Your instructions >> Given the entries that follow, write out exactly the lines starting at the one containing "第二单元《旋转与角》课件(共10张PPT)-四年级上册数学北师大版" and ending at the one containing "湖北万钧工程技术有限责任公司", both ends included, and only those.

Data extract >>
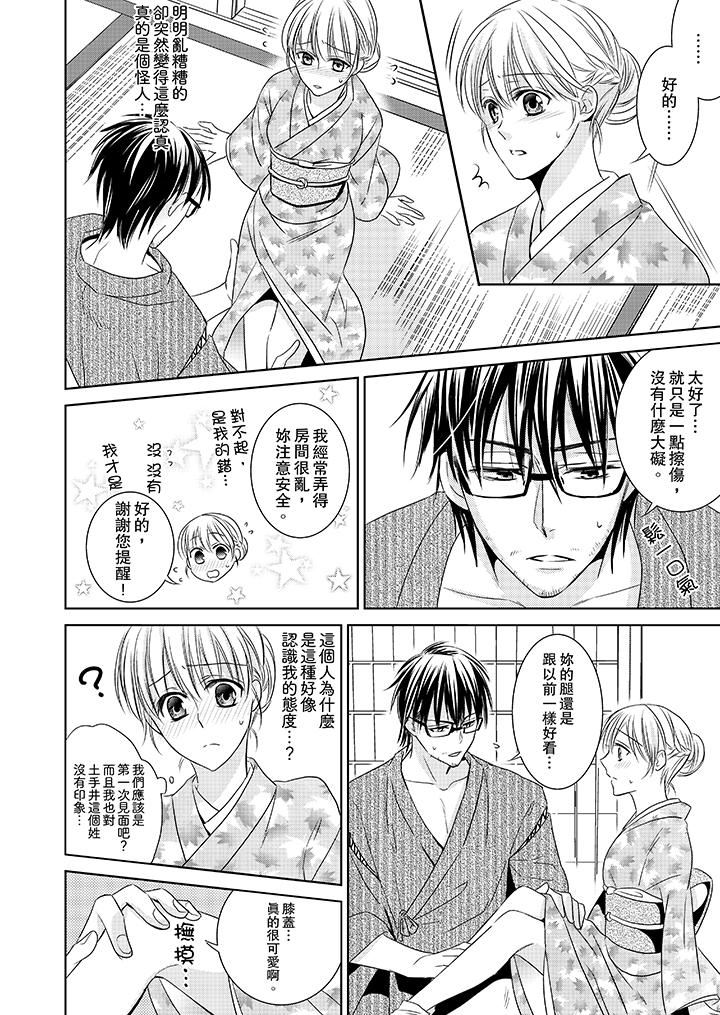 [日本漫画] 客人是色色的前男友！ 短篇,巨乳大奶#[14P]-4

==

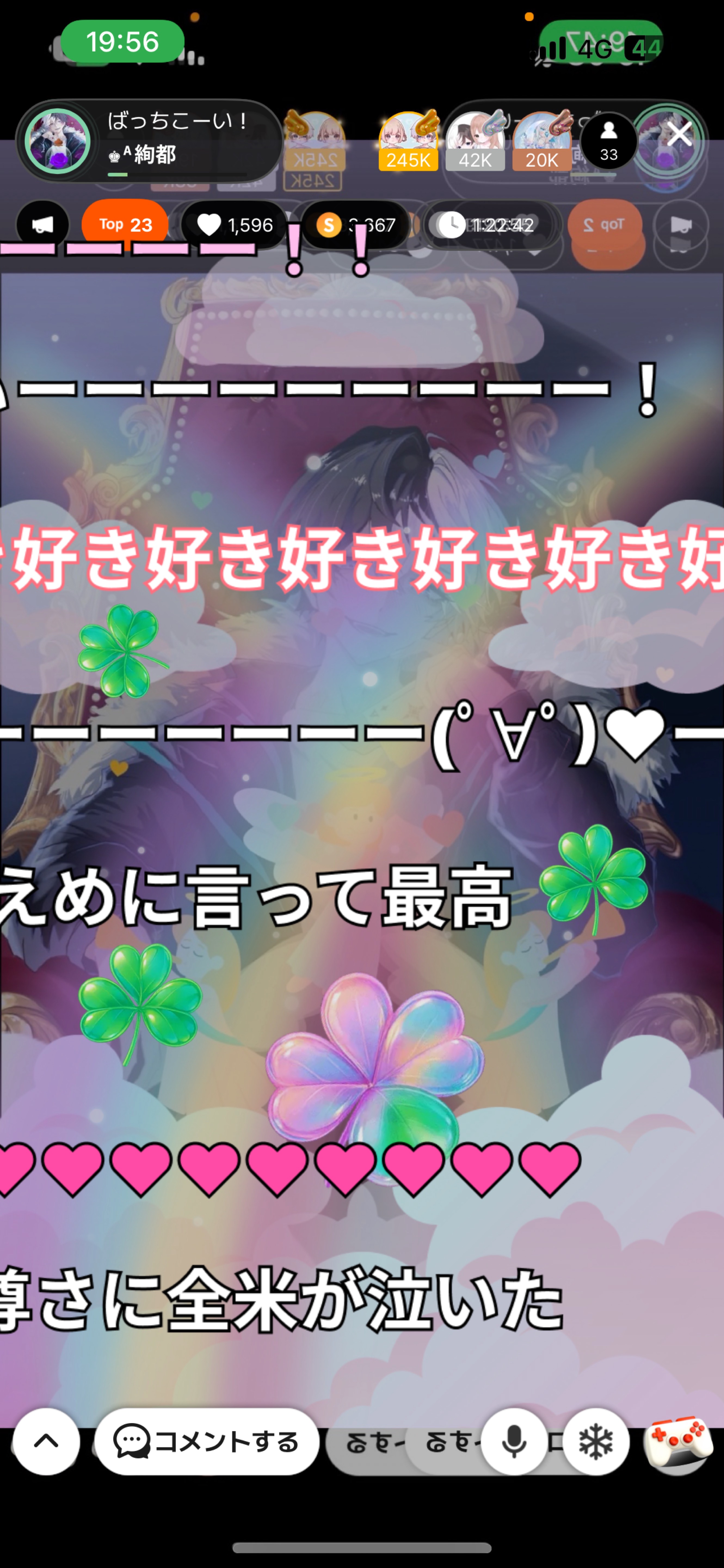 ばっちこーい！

...

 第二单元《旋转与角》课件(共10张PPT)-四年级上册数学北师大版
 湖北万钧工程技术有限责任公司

Answer area >>
 第二单元《旋转与角》课件(共10张PPT)-四年级上册数学北师大版
 湖北万钧工程技术有限责任公司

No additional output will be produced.